The inaugural conference was supported by monies from a federal grant awarded to then-director of Dartmouth’s Institute for Security, Technology, and Society (ISTS) David Kotz, now associate dean for the sciences. “Kotz’s grant had included funding for education and outreach on information security and subsequent conferences have been held because of continuing interest in information security,” said Waite-Franzen.

Fick spoke of the challenges facing those who safeguard sensitive and critical data and the networks that carry the information. Much of what he presented was based on his experiences from 10 years working in the operational security world in the Marines, running a security software company, and serving as a Dartmouth Trustee.

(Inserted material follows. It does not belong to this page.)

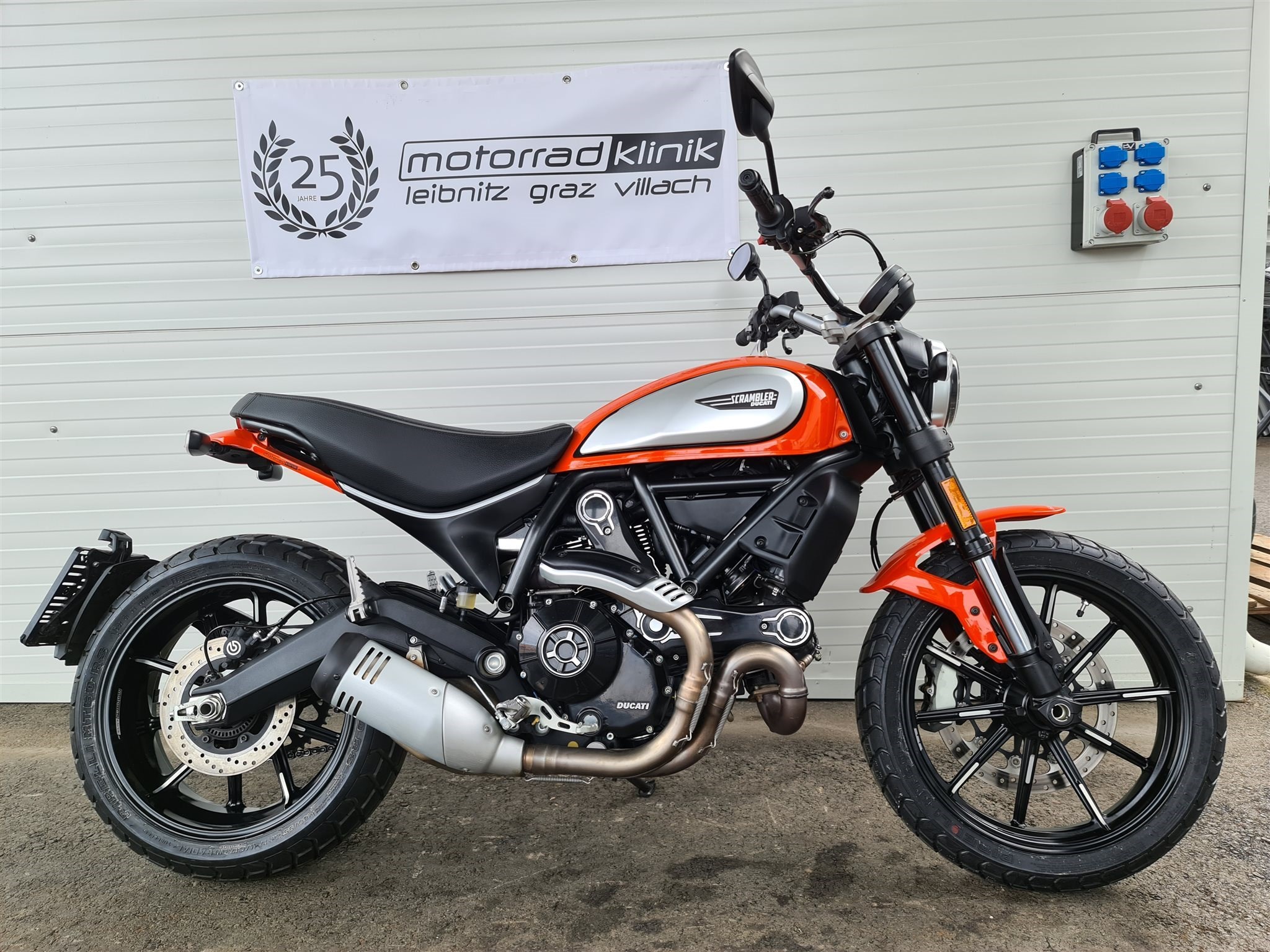 Motorrad
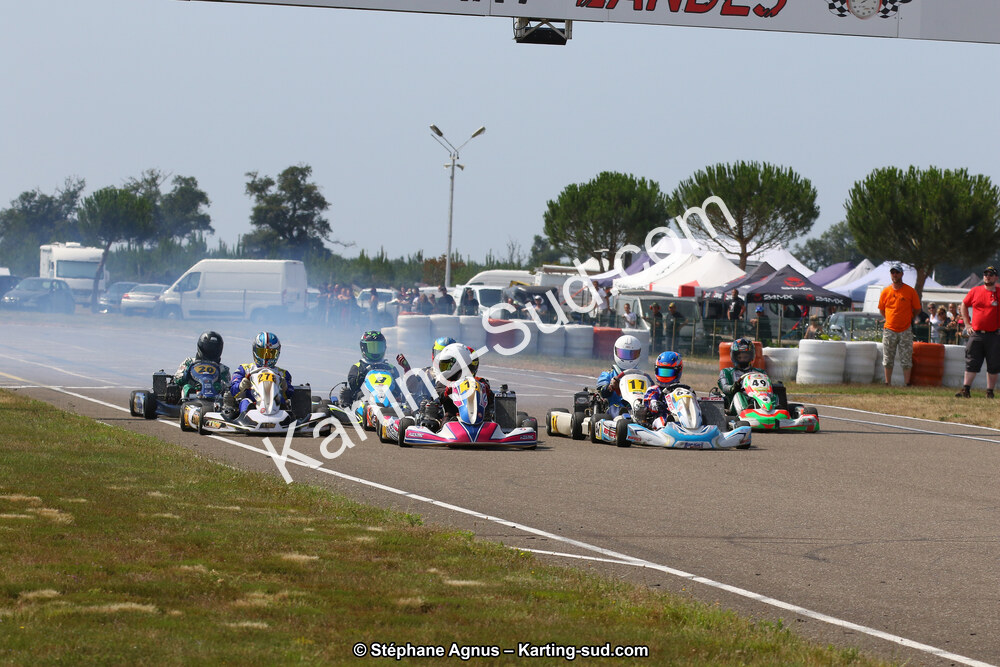 06 & 07/07/2019 : Rassemblement National UFOLEP Karting 2019 à Escource (Photos Stéphane Agnus) 2019 — karting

He noted that there are 9 billion connected devices today and the number is growing exponentially with the average student having five. “Device and data proliferation along with increasing network complexity is changing the game, providing more targets for penetration.

”The intruders are already inside our networks, and that’s not going to change,“ said Fick. ”People are still clinging to the idea that they can prevent something that already happened instead of focusing on detection and response,“ he said. ”Your connected world is more multifaceted than it has ever been, and it is getting more so. You need to focus on the handful of things that matter and make a risk-adjusted choice about whether or not to respond and how.“

Dartmouth is following this model, implementing a risk-based approach under the guidance of Steve Nyman, chief information security officer. The College is concentrating on where the information is, determining the risk should the information be disclosed, modified, or lost, and then applying the appropriate controls.

As to threats themselves, Fick says that some intrusion targets attributed to Russian sources have been personally identifiable information from which credit card and banking information may be gleaned. Those attributed to the Chinese, he says, generally target engineering research or biochemistry research.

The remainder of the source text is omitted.